> [Task goal]: From the line below containing "A colorfully painted" to the final line, print each line exactly as written. No pictures belong in the copy.

> [Collected material]:

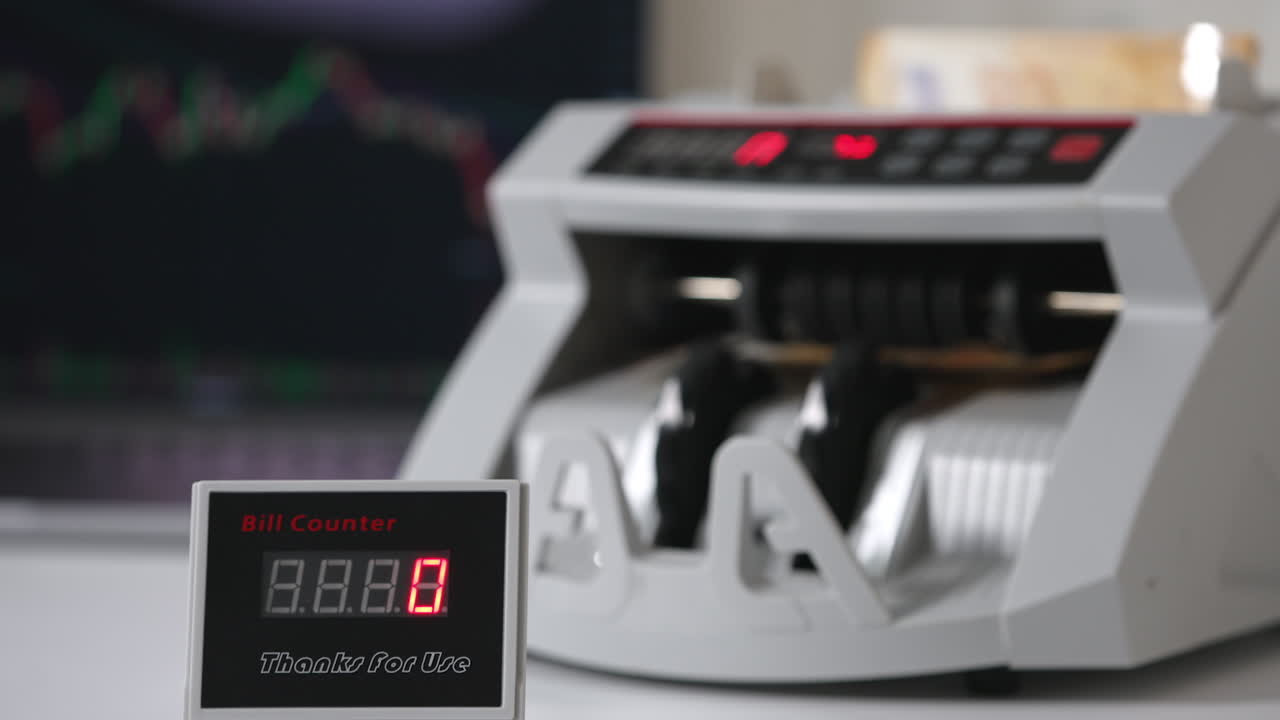 White compact money-counting machine working. Fifty euro banknotes calculated in the equipment. Close up. Blurred backdrop.
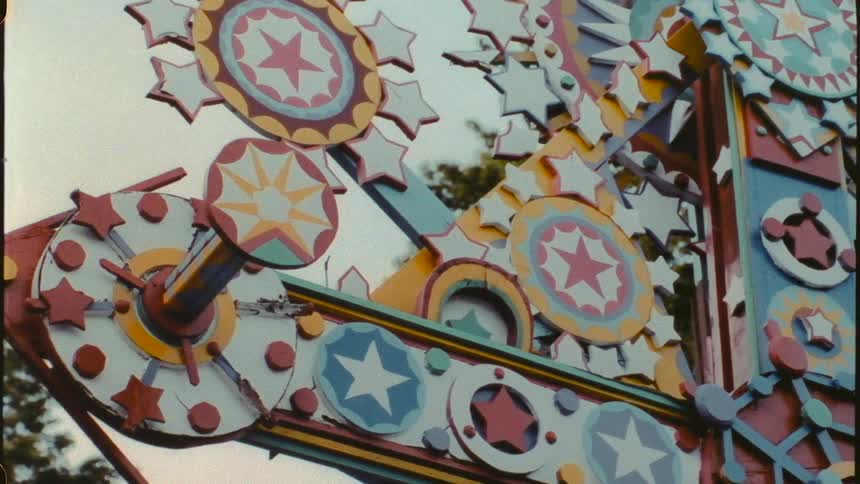 A colorfully painted machine ride outdoors near trees
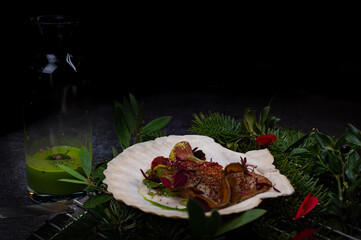 Exquisite seared scallop dish with vibrant greens and a touch of red. A symphony of flavors in a...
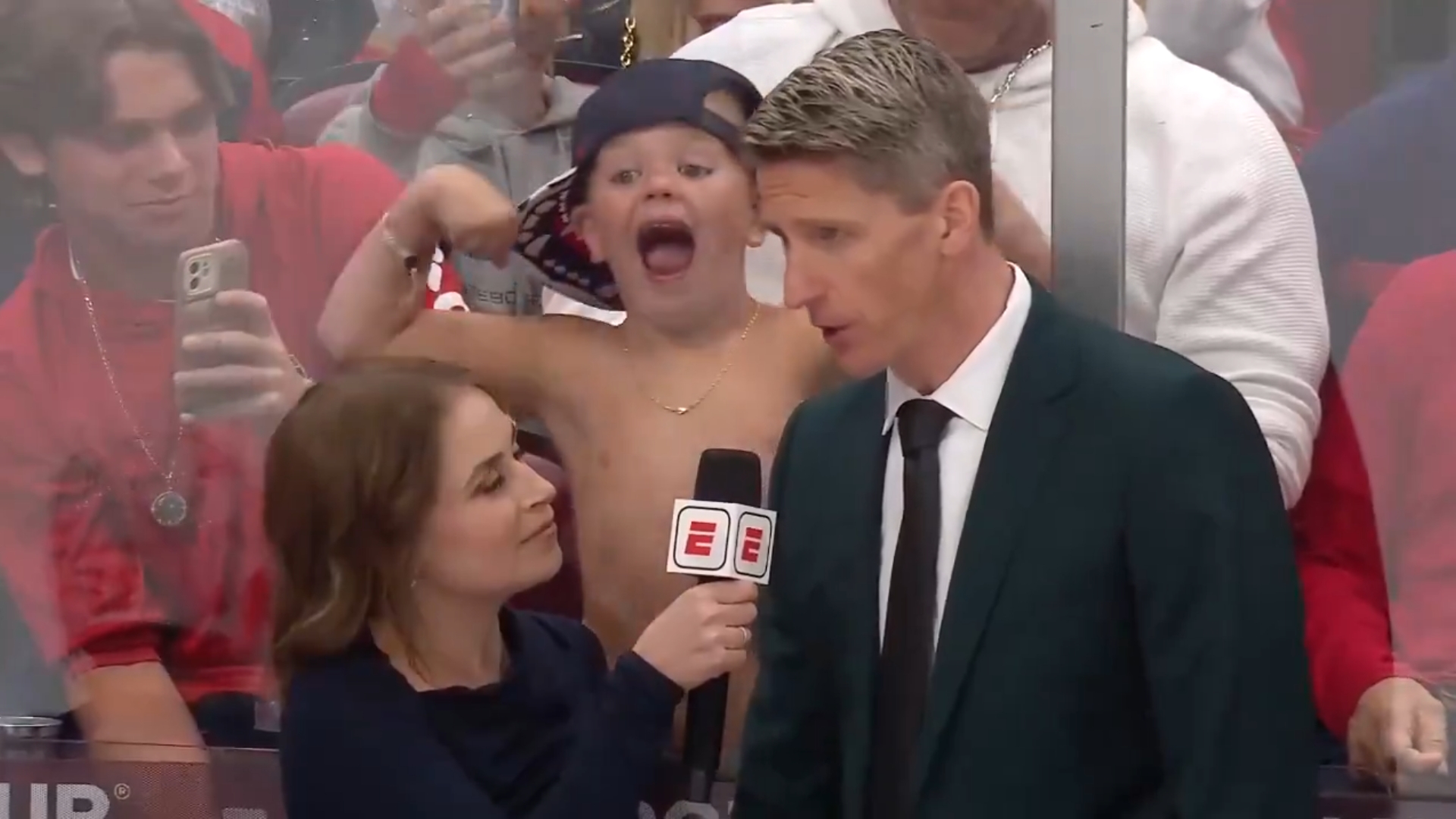 The young fan crashed Edmonton Oilers head coach Kris Knoblauch being interviewed by ESPN reporter Emily Kaplan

> [Solution to the exercise]:
 A colorfully painted machine ride outdoors near trees
 Exquisite seared scallop dish with vibrant greens and a touch of red. A symphony of flavors in a...
 The young fan crashed Edmonton Oilers head coach Kris Knoblauch being interviewed by ESPN reporter Emily Kaplan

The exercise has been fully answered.